# Seaborn
   - Content taken from *Jake VanderPlas. Python data science handbook: Essential tools for working with data. O'Reilly Media, 2016.*   
   
Matplotlib has proven to be an incredibly useful and popular visualization tool, but even avid users will admit it often leaves much to be desired. There are several valid complaints about Matplotlib that often come up:
- Prior to version 2.0, Matplotlib’s defaults are not exactly the best choices. It was based off of MATLAB circa 1999, and this often shows.
- Matplotlib’s API is relatively low level. Doing sophisticated statistical visualization is possible, but often requires a lot of boilerplate code. 
- Matplotlib predated Pandas by more than a decade, and thus is not designed for use with Pandas DataFrames. In order to visualize data from a Pandas DataFrame, you must extract each Series and often concatenate them together into the right format. It would be nicer to have a plotting library that can intelligently use the DataFrame labels in a plot.

An answer to these problems is Seaborn. Seaborn provides an API on top of Matplotlib that offers sane choices for plot style and color defaults, defines simple high-level functions for common statistical plot types, and integrates with the functionality provided by Pandas DataFrames.

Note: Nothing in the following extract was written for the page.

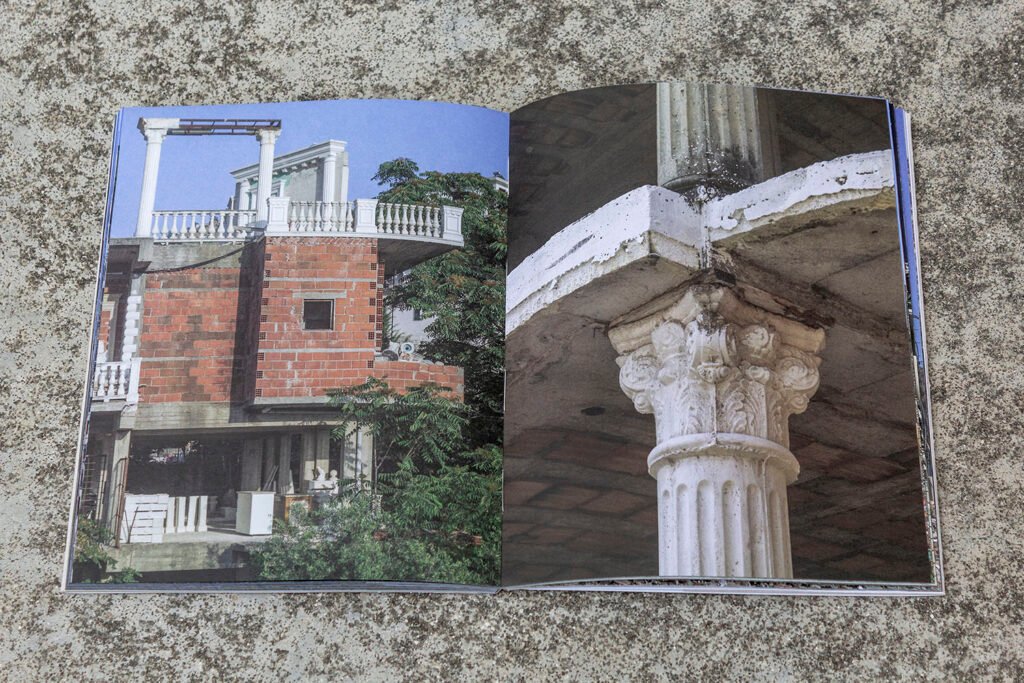 PHROOM // Fabrizio Bellomo—Concrete Albania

To be fair, the Matplotlib team is addressing this: it has recently added the `plt.style` tools and is starting to handle Pandas data more seamlessly. The 2.0 release of the library will include a new default stylesheet that will improve on the current status quo. But for all the reasons just discussed, Seaborn remains an extremely useful add-on.

## Seaborn Versus Matplotlib
Here is an example of a simple random-walk plot in Matplotlib, using its classic plot formatting and colors. Although the result contains all the information we’d like it to convey, it does so in a way that is not all that aesthetically pleasing, and even looks a bit old-fashioned in the context of 21st-century data visualization.

In [None]:
import numpy as np
import pandas as pd
import matplotlib.pyplot as plt
plt.style.use('classic')
%matplotlib inline
 
# Create some data
rng = np.random.RandomState(0)
x = np.linspace(0, 10, 500)
y = np.cumsum(rng.randn(500, 6), 0)
    
# Plot the data with Matplotlib defaults
plt.plot(x, y)
plt.legend('ABCDEF', ncol=2, loc='upper left');

Now let’s take a look at how it works with Seaborn. As we will see, Seaborn has many of its own high-level plotting routines, but it can also overwrite Matplotlib’s default parameters and in turn get even simple Matplotlib scripts to produce vastly superior output. We can set the style by calling Seaborn’s `set()` method. By convention, Seaborn is imported as `sns`. Ah, much better!

In [None]:
import seaborn as sns
sns.set()

# same plotting code as above!
plt.plot(x, y)
plt.legend('ABCDEF', ncol=2, loc='upper left');

## Exploring Seaborn Plots
The main idea of Seaborn is that it provides high-level commands to create a variety of plot types useful for statistical data exploration, and even some statistical model fitting.   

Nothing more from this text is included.